Implications for research.

We encourage researchers to undertake large, well‐designed RCTs to confirm or refute the role of beta‐blockers for prevention of ROP. In addition to outcomes such as progression of ROP and risk of requiring laser treatment or anti‐VEGF agents, these trials should report on adverse events and long‐term visual impairment. Due to observed adverse events in previous trials, dose‐finding studies of systemic use of beta‐blockers and ocular administration of beta‐blockers (given by standardised methods with particular attention to the nominal dose delivered to the eyes) should be considered in order to optimise drug delivery and minimise adverse events.

Appendices

Appendix 1. Search strategy

("retrolental fibroplasia" [MeSH] OR "retinopathy of prematurity" [MeSH]) AND ("Propranolol" [MeSH] OR "adrenergic beta‐antagonists" [MeSH] OR beta blocker) AND ("controlled clinical trial" [Publication Type] OR "randomised controlled trial" [Publication Type]).

Appendix 2. Risk of bias tool

1. Sequence generation (checking for possible selection bias). Was the allocation sequence adequately generated?

For each included study, we categorized the method used to generate the allocation sequence as:

• low risk (any truly random process e.g. random number table; computer random number generator);

• high risk (any non‐random process e.g. odd or even date of birth; hospital or clinic record number); or

• unclear risk.

2. Allocation concealment (checking for possible selection bias). Was allocation adequately concealed?

For each included study, we categorized the method used to conceal the allocation sequence as:

• low risk (e.g. telephone or central randomisation; consecutively numbered sealed opaque envelopes);

• high risk (open random allocation; unsealed or non‐opaque envelopes, alternation; date of birth); or

• unclear risk

3. Blinding of participants and personnel (checking for possible performance bias). Was knowledge of the allocated intervention adequately prevented during the study?

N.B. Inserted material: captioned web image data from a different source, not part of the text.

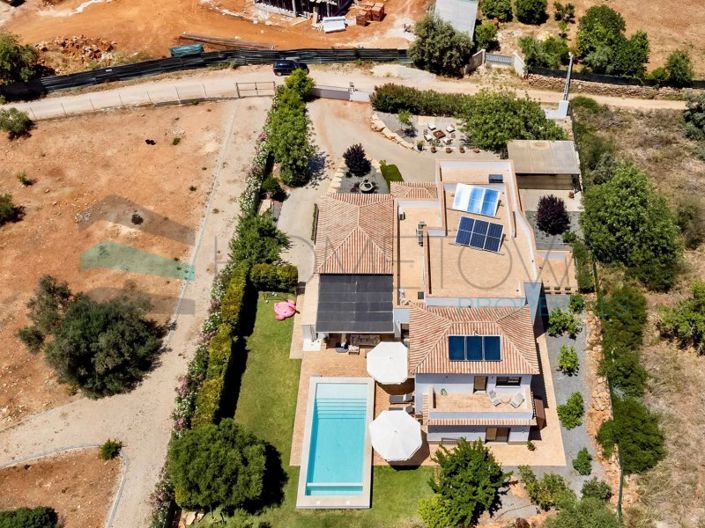 Image No.47-4 Bed House for sale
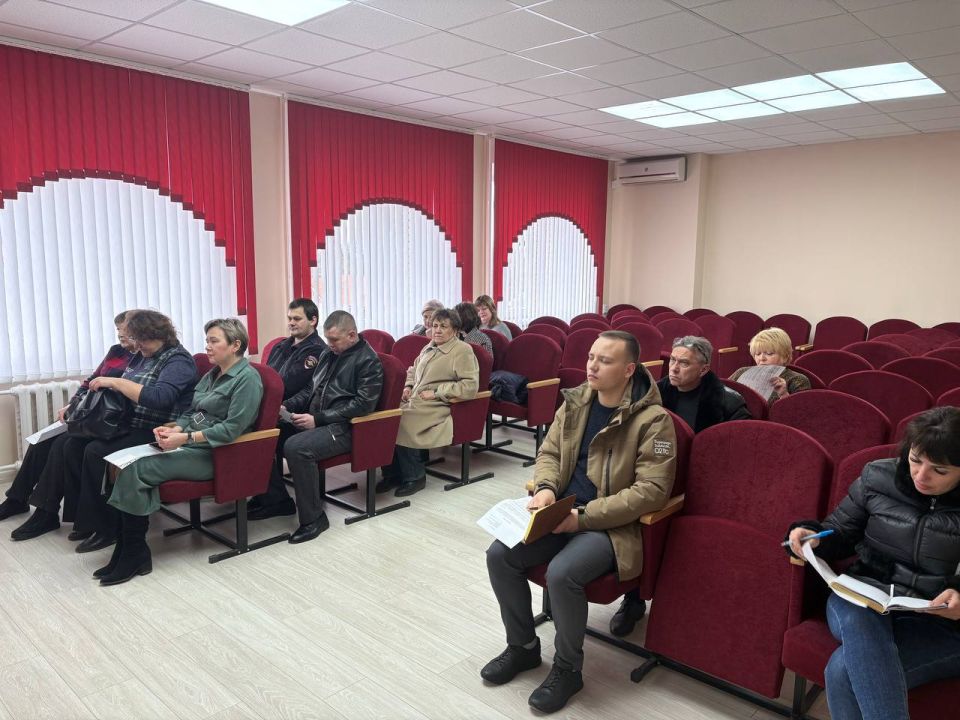 Александр Пеняев: Провел заседание межведомственной комиссии по содействию в решении вопросов ветеранов боевых действий и членов их семей Александр Пеняев: Провел заседание межведомственной комиссии по содействию в решении вопросов ветеранов боевых действий и членов их семей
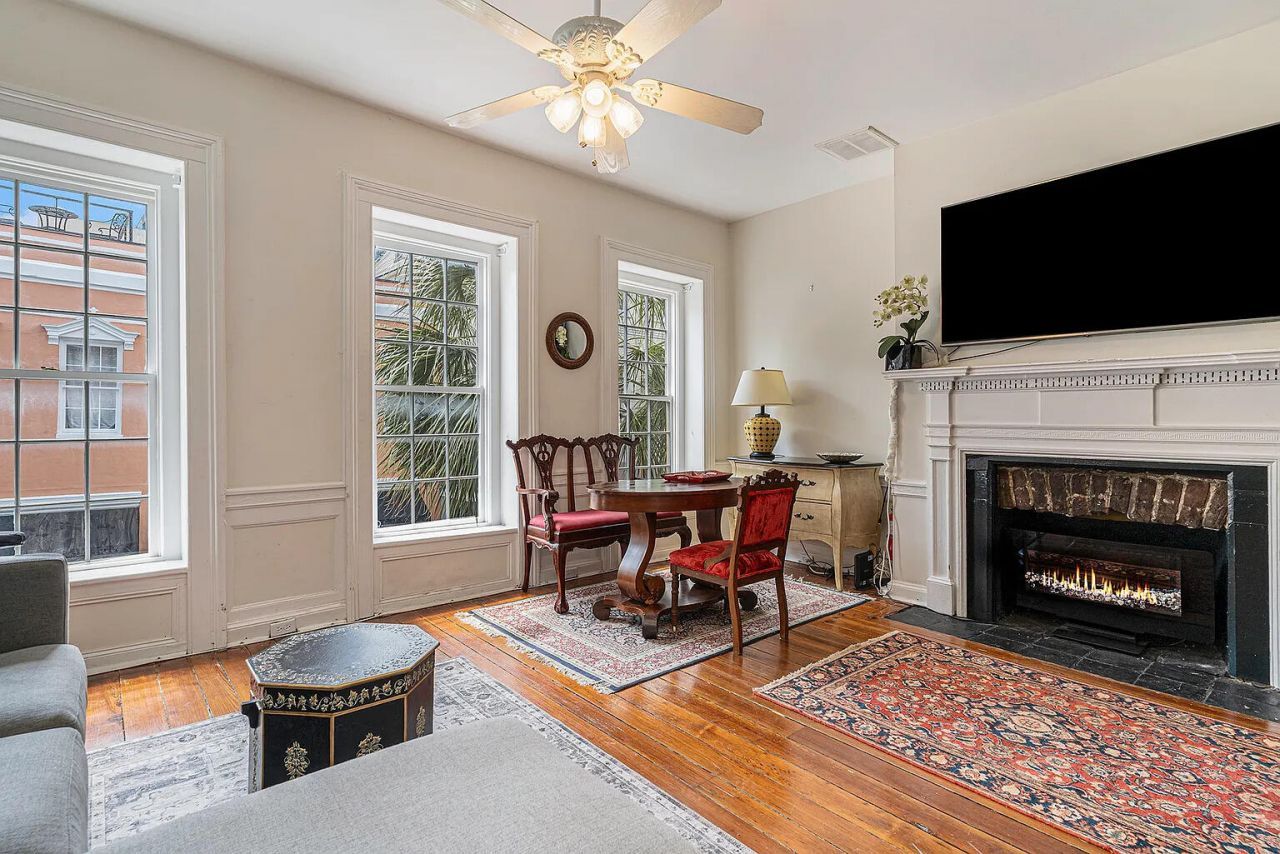 342 King Street Photo 6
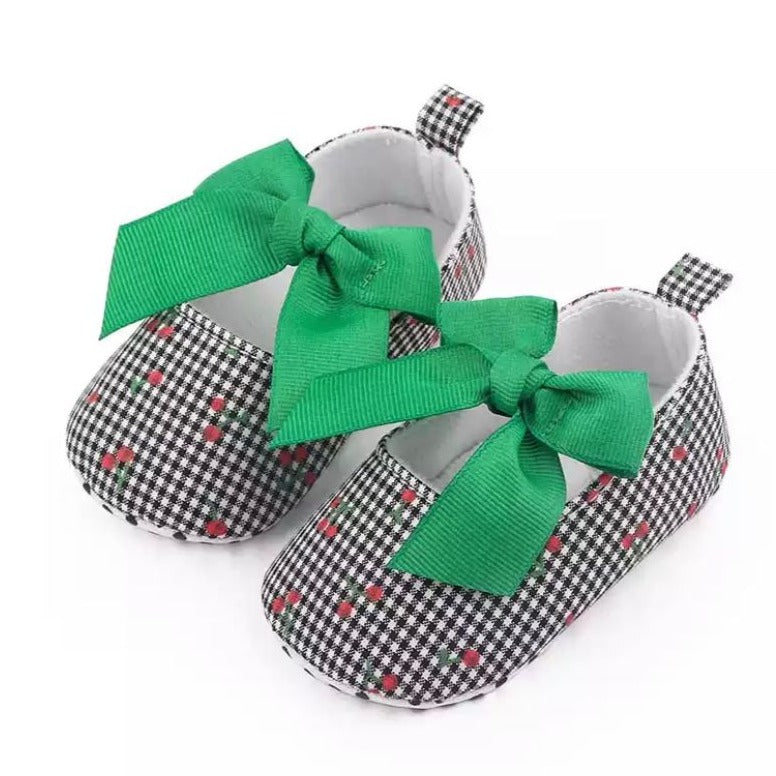 Zapatos cerezas moño🍒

For each included study, we categorized the methods used to blind study participants and personnel from knowledge of which intervention a participant received. Blinding was assessed separately for different outcomes or class of outcomes. We categorized the methods as:

• low risk, high risk or unclear risk for participants; and

• low risk, high risk or unclear risk for personnel.

4. Blinding of outcome assessment (checking for possible detection bias). Was knowledge of the allocated intervention adequately prevented at the time of outcome assessment?

For each included study, we categorized the methods used to blind outcome assessment. Blinding was assessed separately for different outcomes or class of outcomes. We categorized the methods as:

• low risk for outcome assessors;

• high risk for outcome assessors; or

• unclear risk for outcome assessors.

5. Incomplete outcome data (checking for possible attrition bias through withdrawals, dropouts, protocol deviations). Were incomplete outcome data adequately addressed?

For each included study and for each outcome, we described the completeness of data including attrition and exclusions from the analysis. We noted whether attrition and exclusions were reported, the numbers included in the analysis at each stage (compared with the total randomised participants), reasons for attrition or exclusion where reported, and whether missing data were balanced across groups or were related to outcomes. Where sufficient information was reported or supplied by the trial authors, we re‐included missing data in the analyses. We categorized the methods as:

• low risk (< 20% missing data);

• high risk (≥ 20% missing data); or

• unclear risk.

6. Selective reporting bias. Are reports of the study free of suggestion of selective outcome reporting?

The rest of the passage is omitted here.